• **PROBLEM DETAILS**:
Would you retype exactly the lines below, starting with the one that has "Vehicle Image- 2014 Dodge Durango" and going on through the one that has "863 Clow ST E LEHIGH ACRES, FL 33974", with no pictures and nothing else?

Scraped caption text data:
⁂

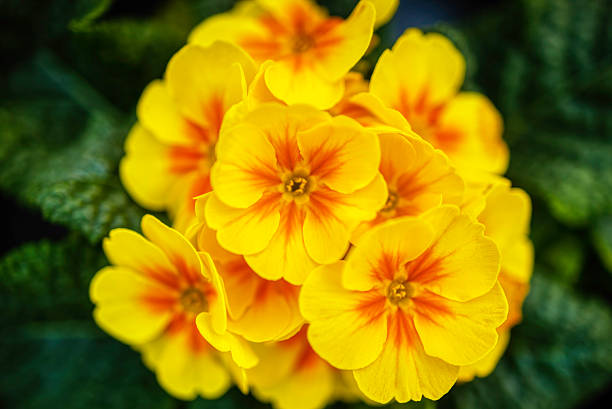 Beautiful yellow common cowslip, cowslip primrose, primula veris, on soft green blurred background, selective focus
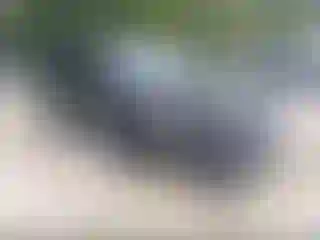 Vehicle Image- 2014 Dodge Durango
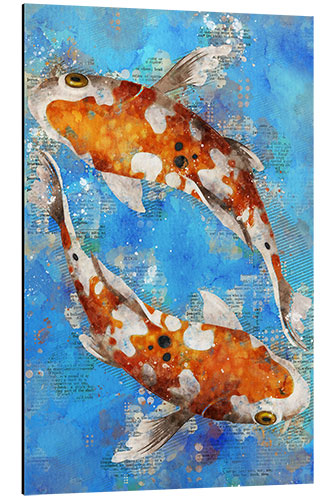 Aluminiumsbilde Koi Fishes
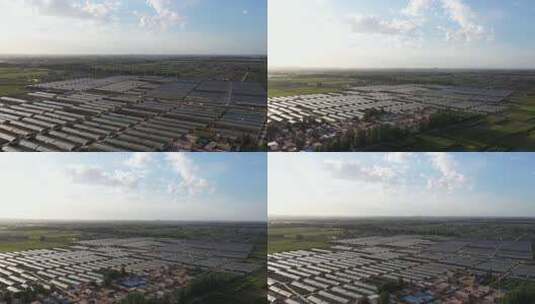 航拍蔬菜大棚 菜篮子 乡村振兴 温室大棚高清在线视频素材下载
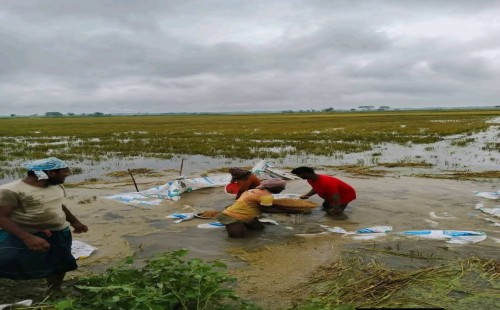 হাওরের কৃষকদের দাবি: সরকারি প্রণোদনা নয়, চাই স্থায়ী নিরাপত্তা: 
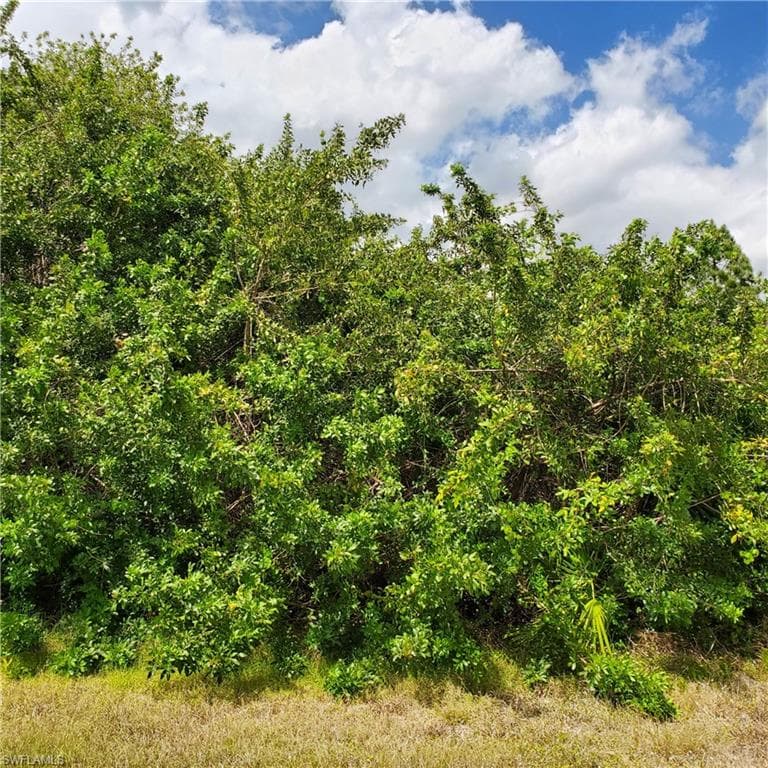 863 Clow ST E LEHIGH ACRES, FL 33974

⁂

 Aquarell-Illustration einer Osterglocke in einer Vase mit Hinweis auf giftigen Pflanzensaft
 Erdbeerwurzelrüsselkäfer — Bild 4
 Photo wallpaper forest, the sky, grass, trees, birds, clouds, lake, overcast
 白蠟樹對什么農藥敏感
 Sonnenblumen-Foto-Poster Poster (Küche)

⁂

• **SOLUTION**:
 Vehicle Image- 2014 Dodge Durango
 Aluminiumsbilde Koi Fishes
 航拍蔬菜大棚 菜篮子 乡村振兴 温室大棚高清在线视频素材下载
 হাওরের কৃষকদের দাবি: সরকারি প্রণোদনা নয়, চাই স্থায়ী নিরাপত্তা: 
 863 Clow ST E LEHIGH ACRES, FL 33974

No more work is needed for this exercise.